An optimal control strategy for an integrated solar thermal hydronic system with a heat pump Hosseinirad, Sara

Abstract

In this thesis, a new control strategy is proposed for an Integrated Solar Thermal Hydronic System (ISTHS) to optimize the system performance. The ISTHS utilizes two sources of energy which are solar and electrical to provide the domestic hot water. The ISTHS performance can be optimized by reducing the consumed electricity and retaining the hot water demand temperature under disturbances such as solar radiation, ambient temperature, and how water demand flow rate. For the performance optimization, the proposed control strategy employs three techniques that are optimization, feedback control, and feedforward control. Required for designing the proposed controller, the ISTHS model is obtained by applying heat transfer and state-space modeling techniques. Using the state-space model of the ISTHS, the control structure can be designed. The control structure consists of four sub-controllers described as off-line, STC-Side, feedback, and robust feedforward controllers. By a combination of logic based switches and four sub-controllers, the final control inputs are robust against the predicted disturbances (Off-line), the actual disturbances (STC-Side and robust feedforward), and the model uncertainties (feedback).
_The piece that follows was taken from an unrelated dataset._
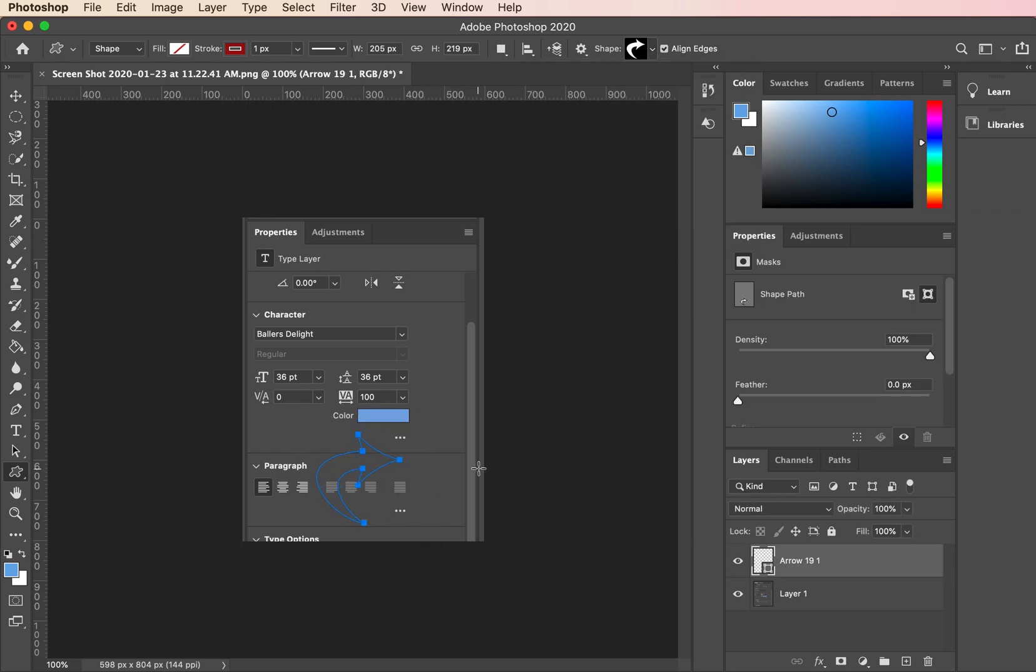From there you would just modify your fill and your stroke as you wish. I hope this helps.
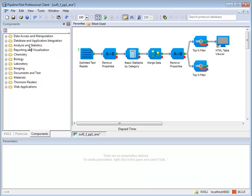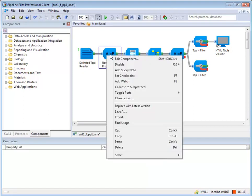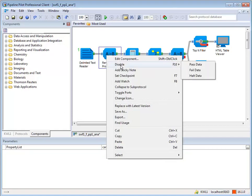There may be times when you wish to disable a component in a pipeline. Right-clicking on a component brings up the component menu. From here, you can choose Disable to access the disable options.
The off-line controller applies an optimization method to compute the control inputs one day ahead. The STC-Side controller performs an optimization method to manage some of the control inputs which affect the stored solar energy. The feedback controller keeps the hot water temperature within an allowable range. By using the robust feedforward controller, the consumed electricity is reduced by adjusting the control inputs which affects the amount of the transformed electricity to the thermal energy. For examining the effectiveness of the proposed robust feedforward controller, another controller named simple feedforward controller is developed and separately added to the overall controller. Both controllers are designed such that the impacts of deviated disturbances from predicted values on the system’s output are eliminated. Unlike the robust feedforward controller, the simple feedforward controller does not reduce the consumed electricity. Finally, by making some comparisons through simulations, the effectiveness of the proposed control structure is demonstrated.